In a game with two equal teams, the home team wins any game with probability $p>\frac12$. In a best of three playoff series, a team with a home advantage has play at home, followed by a game away, followed by a home play if necessary. The series is over as soon as one team wins two games.
What is $P[T]$, the probability that the team with home advantage wins the series? Prove that $P[T]>p$ for all $p>\frac12$.
In the first sentence, I think there's a typo. I think it meant to say $p=\frac12$ (I don't know how you can get a number as your answer if its not equal to $\frac12$)
I drew a tree diagram as shown below, and calculated the probability that Team A wins.
$.5^2 + .5^3 + .5^3 = .5$
Best Answer
This is not a typo. $p$ is a variable and you are supposed to include it in your answer.
There are three sequences of results leading to the home advantage team winning, as you found out: WW ($p(1-p)$), WLW ($p^3$) and LWW ($(1-p)^2p$).
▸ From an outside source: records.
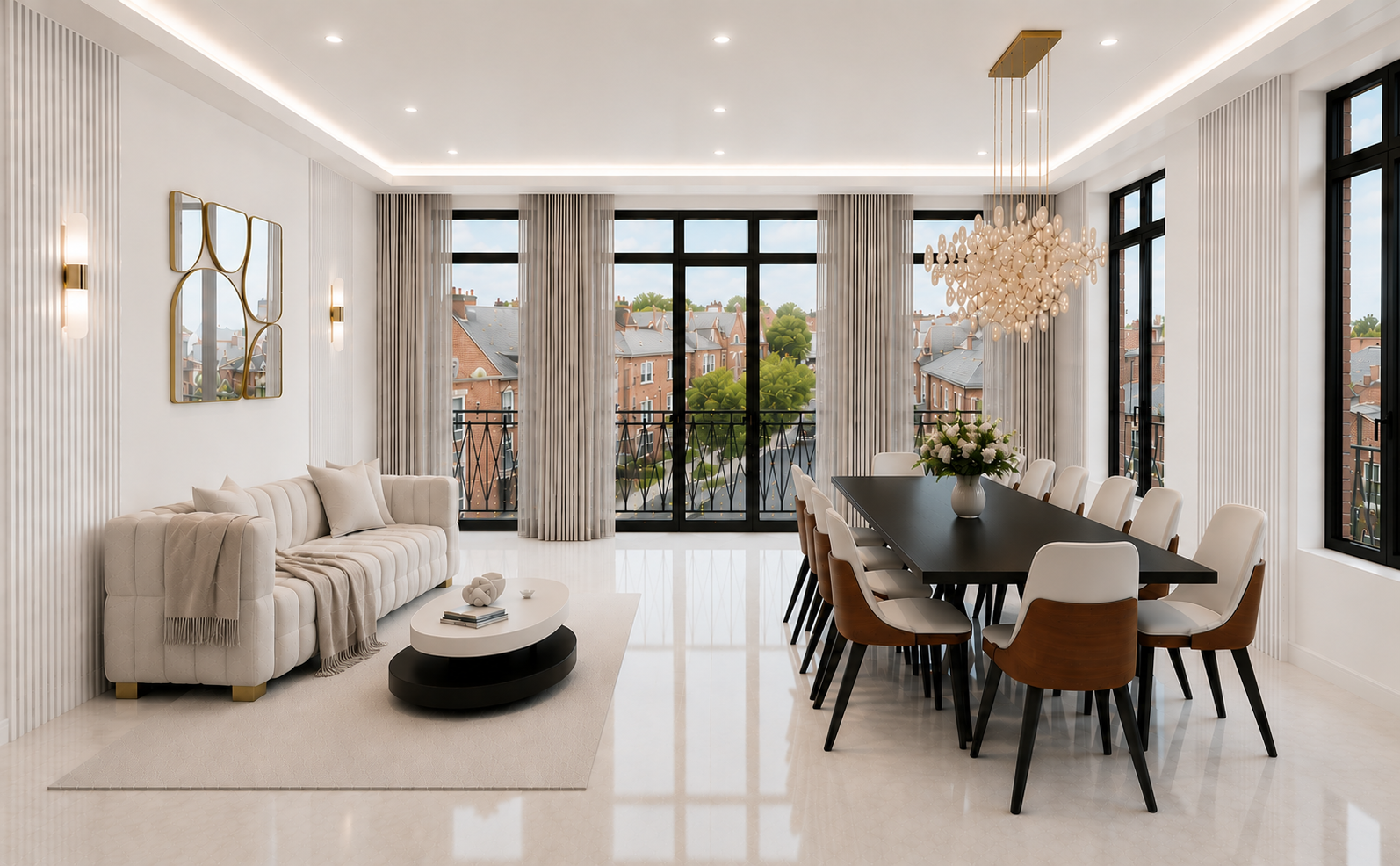 Belaire interior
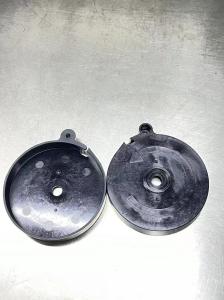 China HASCO Aluminum Cnc Machining Parts Wire Clamp 0.05mm ISO2768FH wholesale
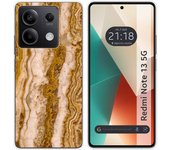 Funda Silicona para Xiaomi Redmi Note 13 5G diseño Mármol 10 Dibujos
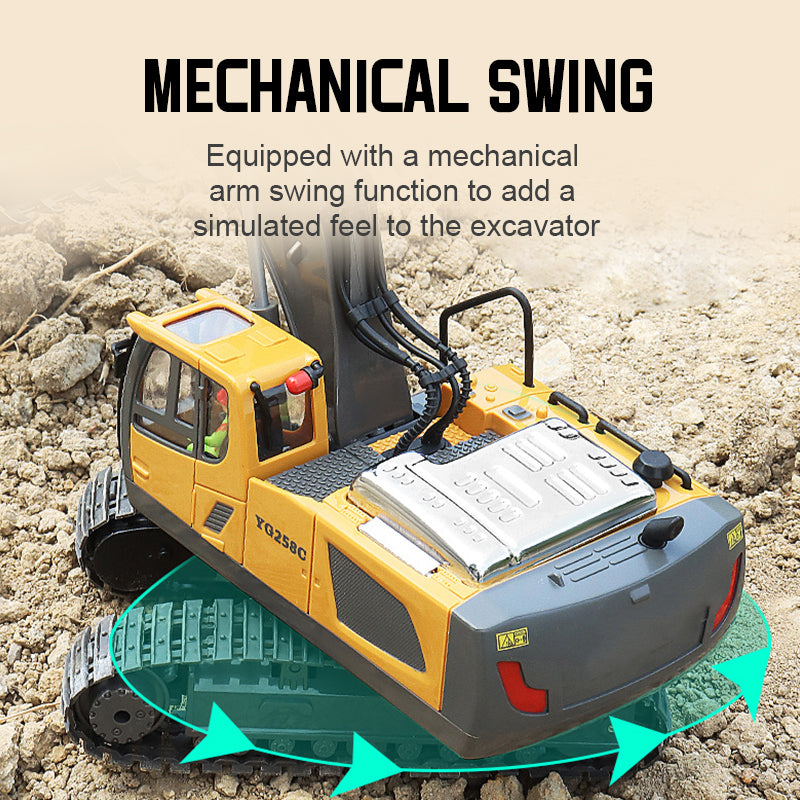 Remote Control Excavator Engineering Vehicle Toy
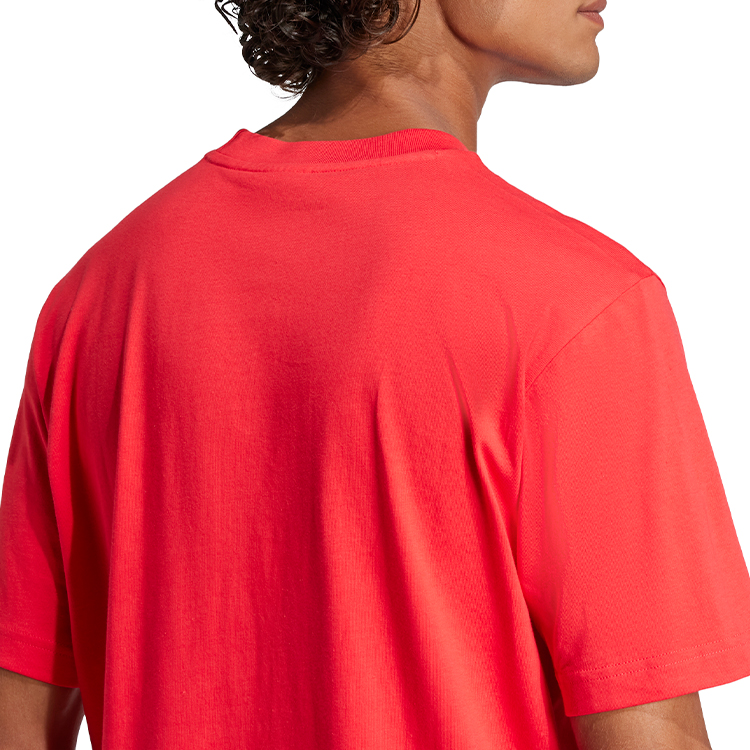Футболка мужская Adidas M SL SJ T L Красный photo 2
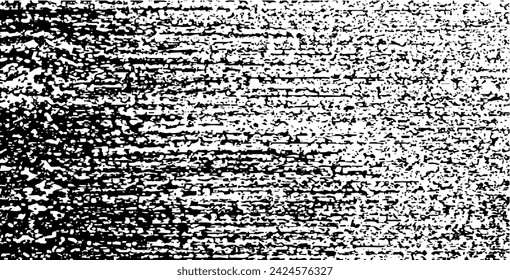 Vector brush sroke texture. Distressed uneven grunge background. Abstract distressed vector illustration. Overlay over any design to create interesting effect and depth. Black isolated on white. EPS10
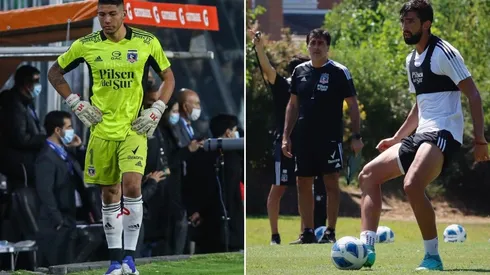 Cortés y Amor son las grandes interrogantes de Colo Colo pensando en Alianza Lima.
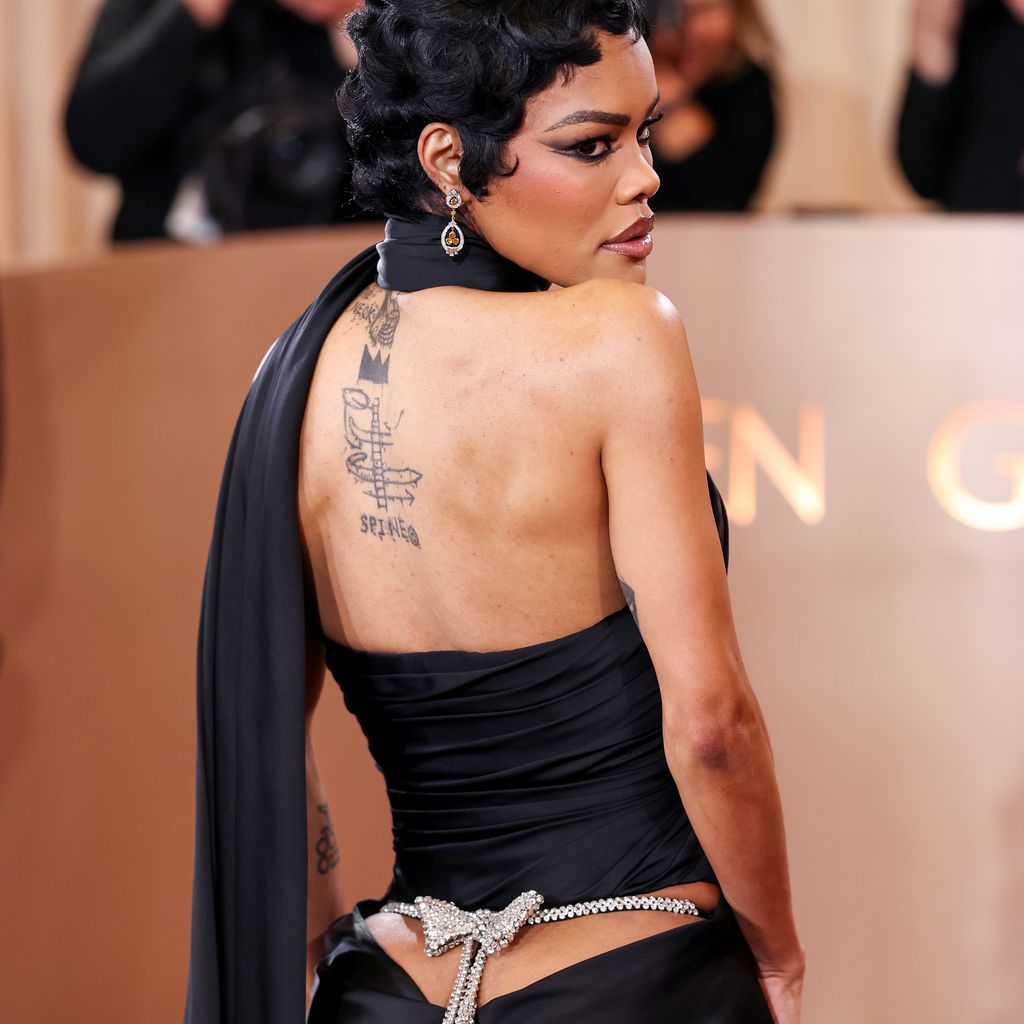 Teyana Taylor bei den 83. Golden Globe Awards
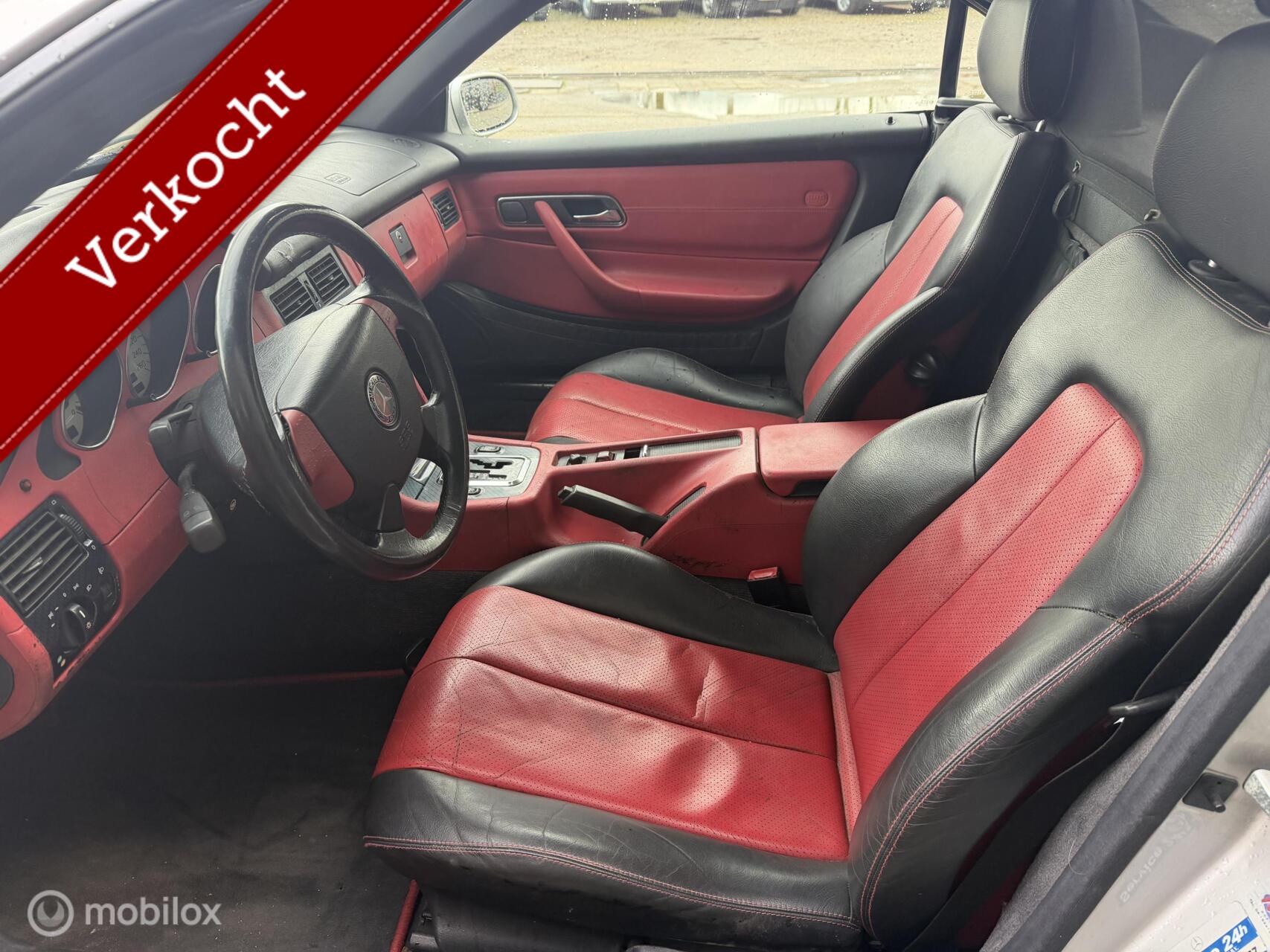 Foto van Mercedes-Benz SLK 200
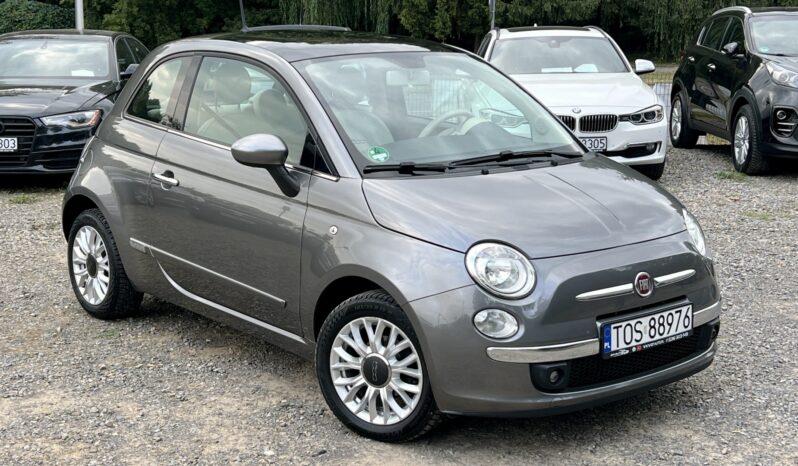 FIAT 500  | FWD (przód) | Manualna | 69 KM | Szary full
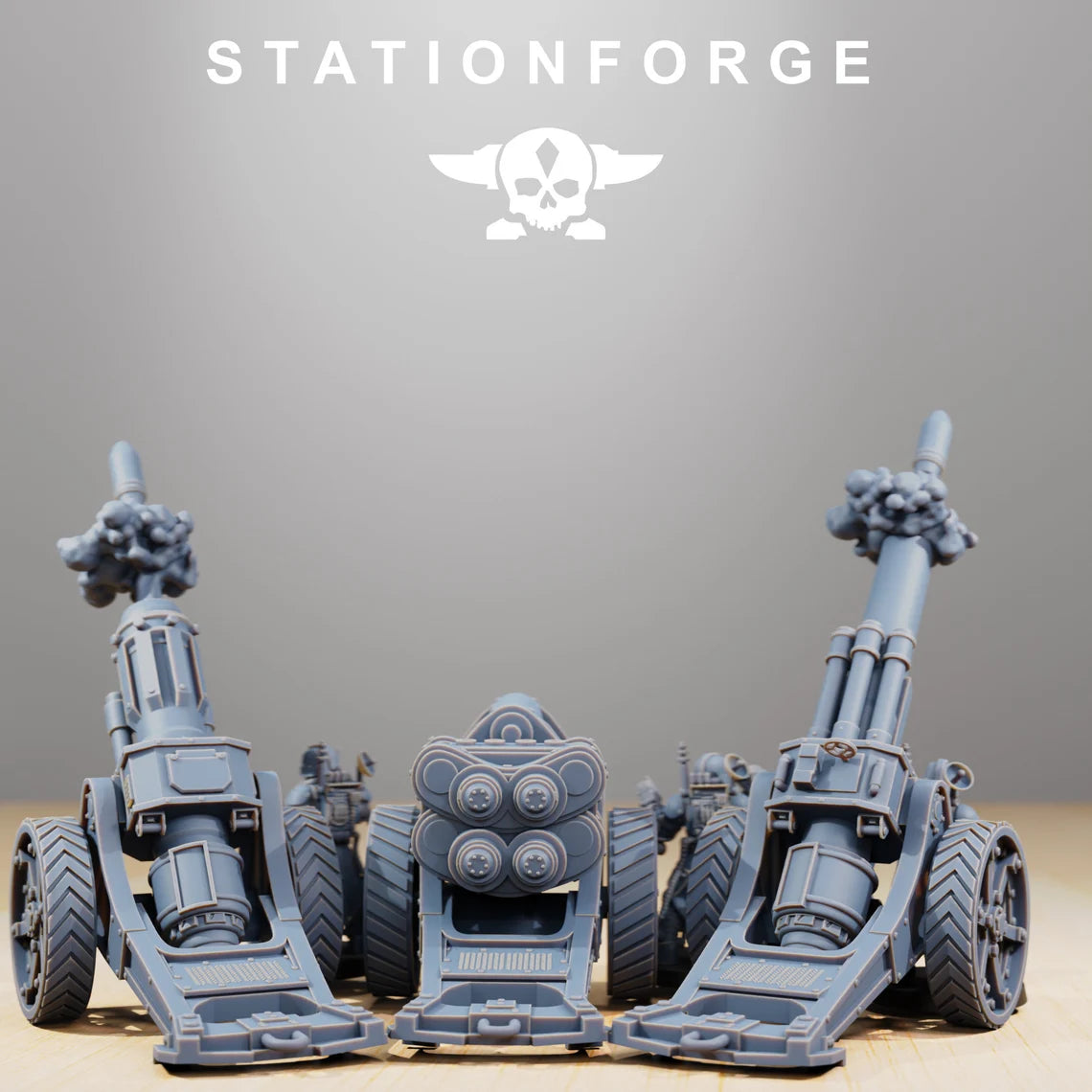 GrimGuard Light Artillery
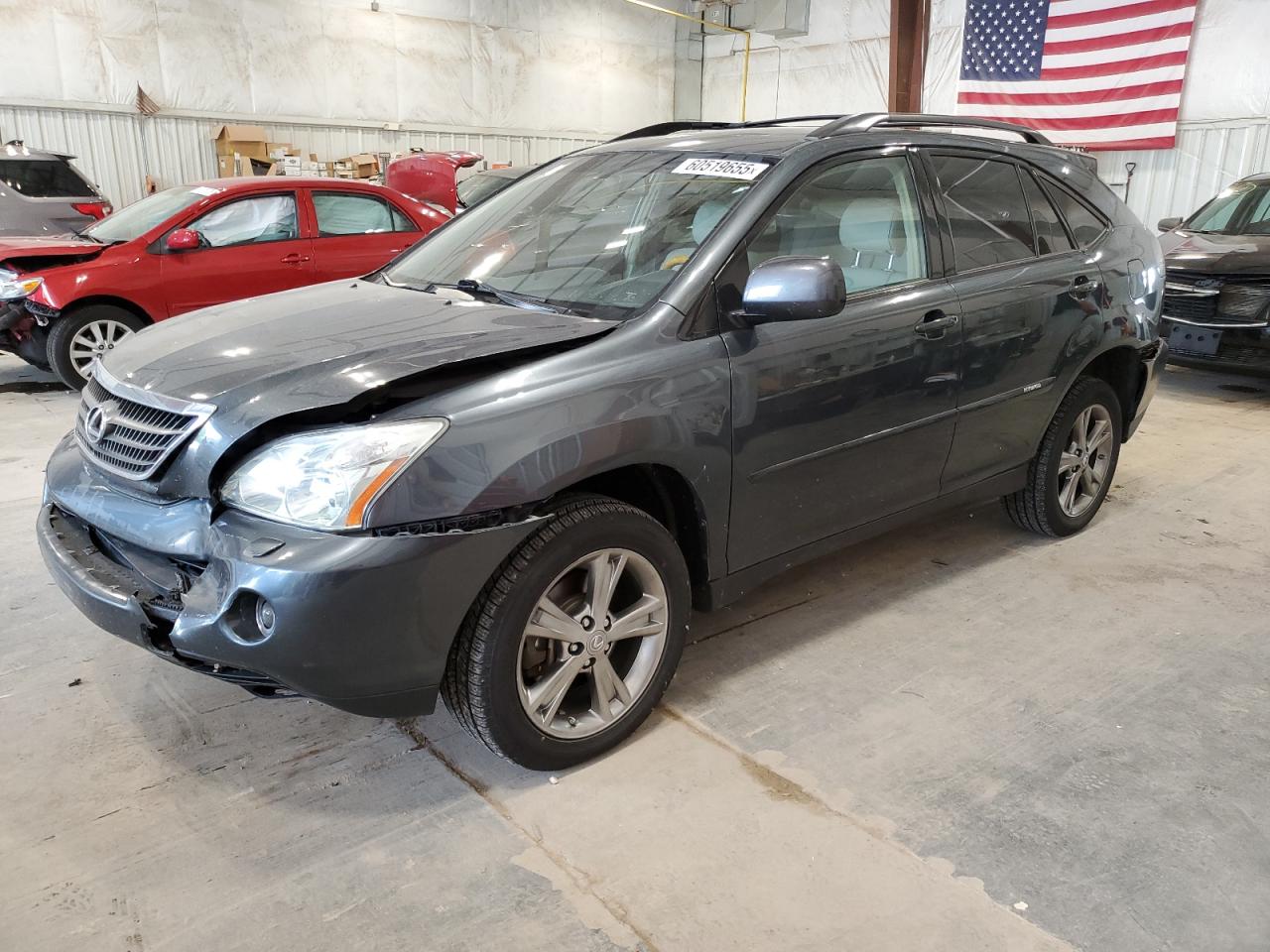 2007 Lexus Rx 400H for Sale in Milwaukee, WI - Frame Damage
Thus $$P[T]=p(1-p)+p(1-p)^2+p^3=(p-p^2)(2-p)+p^3=2p-3p^2+2p^3=p(2-3p+2p^2)$$ and if $p=\frac12+d$ with $d>0$ $$P[T]=p\left(2-3\left(\frac12+d\right)+2\left(\frac12+d\right)^2\right)$$ $$=p\left(2d^2-d+1\right)$$ $$=p\left(1+d(2d-1)\right)<p$$ where the last inequality is because $2d-1<0$ for $0<d<\frac12$. Indeed, the inequality is reversed compared to what is printed: conversely, $P[T]>p$ when $p<\frac12$.